Científicos convierten los residuos del cacao en un superalimento usando miel y vibraciones

Salud y medicina

Por cada tableta de chocolate que se consume en el mundo, la industria genera una enorme cantidad de residuos. Nos referimos a la cáscara del grano de cacao, esa capa exterior resistente que suele acabar en un vertedero.

Pero estamos desperdiciando una mina de oro nutricional. Esas cáscaras desechadas están repletas de teobromina y cafeína, los mismos compuestos que le dan al cacao su sabor característico. El truco, hasta ahora, ha sido extraer esos nutrientes sin dañarlos.

Ahora, un equipo de Brasil ha encontrado la manera de extraer esos compuestos sin usar ni una sola gota de productos químicos tóxicos. Su arma secreta es un grupo de abejas nativas sin aguijón y un dispositivo que emite ondas sonoras de alta intensidad para extraer la miel.

Un negocio desordenado

La producción mundial de cacao genera millones de toneladas de cáscaras al año. Si bien estas cáscaras están cargadas de estimulantes, extraer esos nutrientes suele ser una tarea ardua. Los métodos tradicionales suelen emplear altas temperaturas, largas jornadas de trabajo y disolventes orgánicos agresivos. Ninguno de estos métodos es sostenible ni tampoco resulta especialmente económico.

Imagen bajo licencia Creative Commons.

Los investigadores de la Universidad de Campinas (UNICAMP) decidieron probar un enfoque diferente ¿Y si el disolvente fuera el producto?

Entran las abejas

La miel que se encuentra en los supermercados no es un disolvente especialmente eficaz. Sin embargo, las distintas abejas producen diferentes tipos de miel. En particular, las abejas nativas brasileñas con las que trabajaron los investigadores son verdaderas expertas en química. Producen una miel más fluida, más ácida y rica en antioxidantes.

El equipo recolectó miel de cinco especies distintas:

  • Borá (Tetragona clavipes)
  • Jataí (Tetragonisca angustula)
  • Mandaçaia (Melipona quadrifasciata)
  • Mandaguarí (Scaptotrigona postica)
  • Moça-branca (Frieseomelitta varia)

Luego, tuvieron que averiguar cómo obligar a las cáscaras de cacao a liberar los nutrientes.

Un martillo neumático de sonido

Si simplemente añades los residuos de cacao a la miel, no se disolverán en gran medida. Puedes intentar calentarla, pero el resultado será similar al del método original, que era ineficiente. Por eso, los investigadores utilizaron una sonda de alta intensidad que sumergieron directamente en la mezcla.

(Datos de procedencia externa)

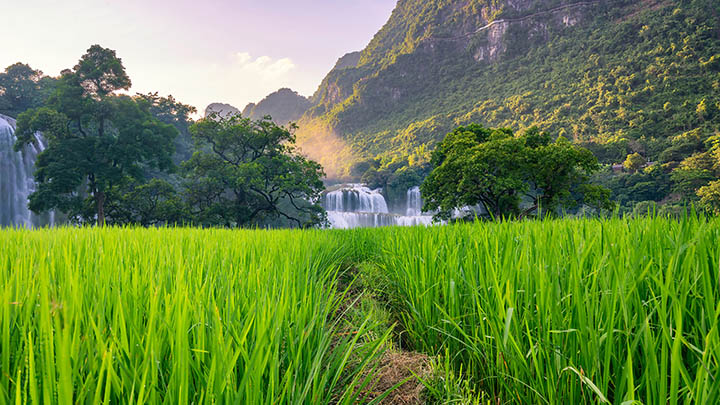 如何下载WPS办公软件？全网最全教程详解 二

Esta sonda vibra 20.000 veces por segundo (20 kHz). Estas vibraciones crean millones de burbujas microscópicas que crecen y luego colapsan violentamente. Este proceso, llamado cavitación, actúa como un pequeño martillo neumático, destrozando la estructura celular de las cáscaras de los granos de cacao y expulsando la teobromina y la cafeína hacia la miel.

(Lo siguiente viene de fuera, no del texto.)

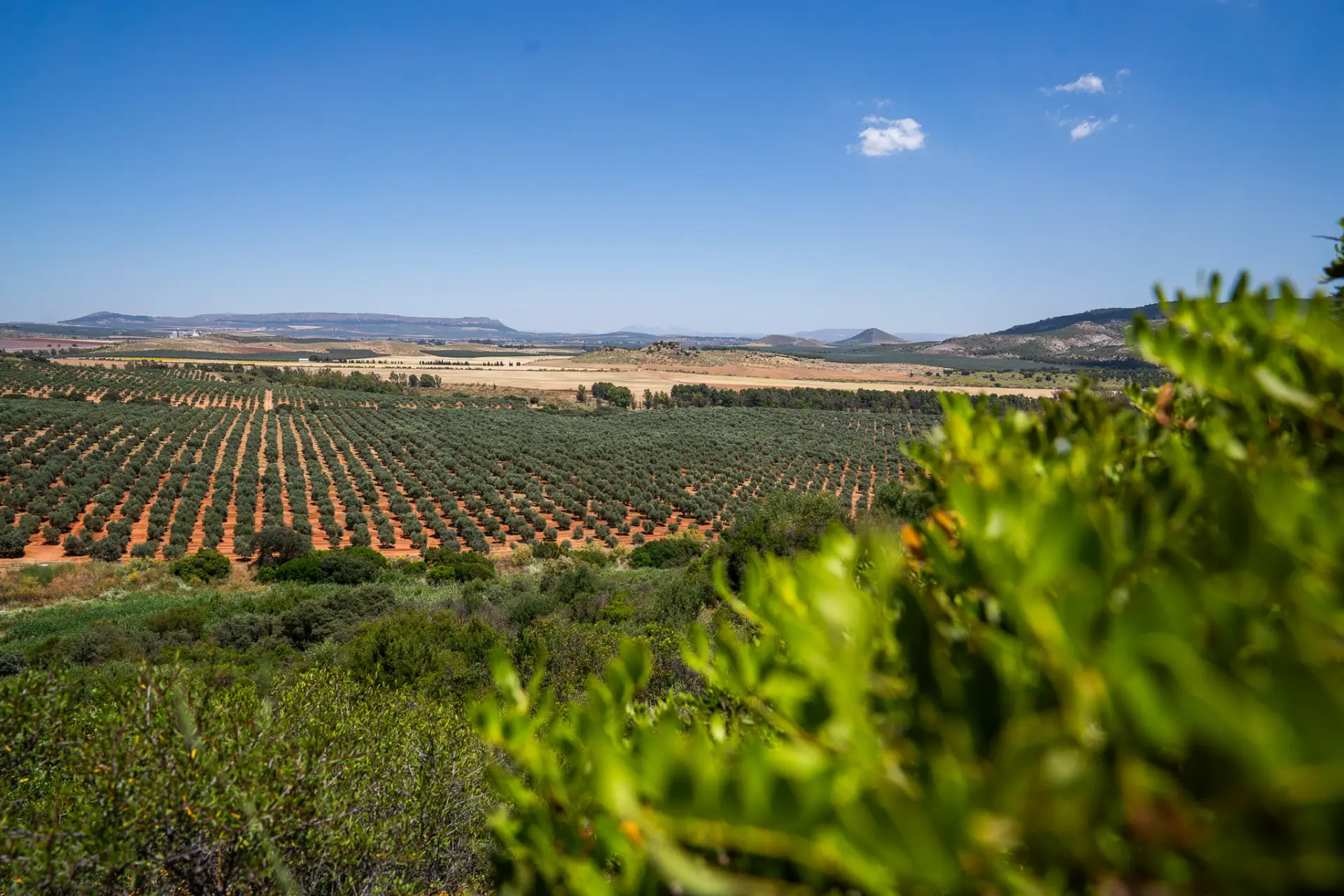 agrohutesa-campo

Los resultados fueron asombrosos. En tan solo 3,5 minutos, los investigadores lograron extraer más nutrientes de las cáscaras que los que se extraen con los métodos tradicionales en casi una hora.

El producto resultante no es solo un experimento de laboratorio, sino que además es delicioso.

“Sin duda, su mayor atractivo para el público es el sabor, pero nuestros análisis han demostrado que contiene varios compuestos bioactivos que lo hacen bastante interesante desde el punto de vista nutricional y cosmético”, afirma Felipe Sánchez Bragagnolo, primer autor del estudio. Realizó la investigación durante su trabajo postdoctoral en la Facultad de Ciencias Aplicadas (FCA) de la UNICAMP en Limeira, con el apoyo de FAPESP.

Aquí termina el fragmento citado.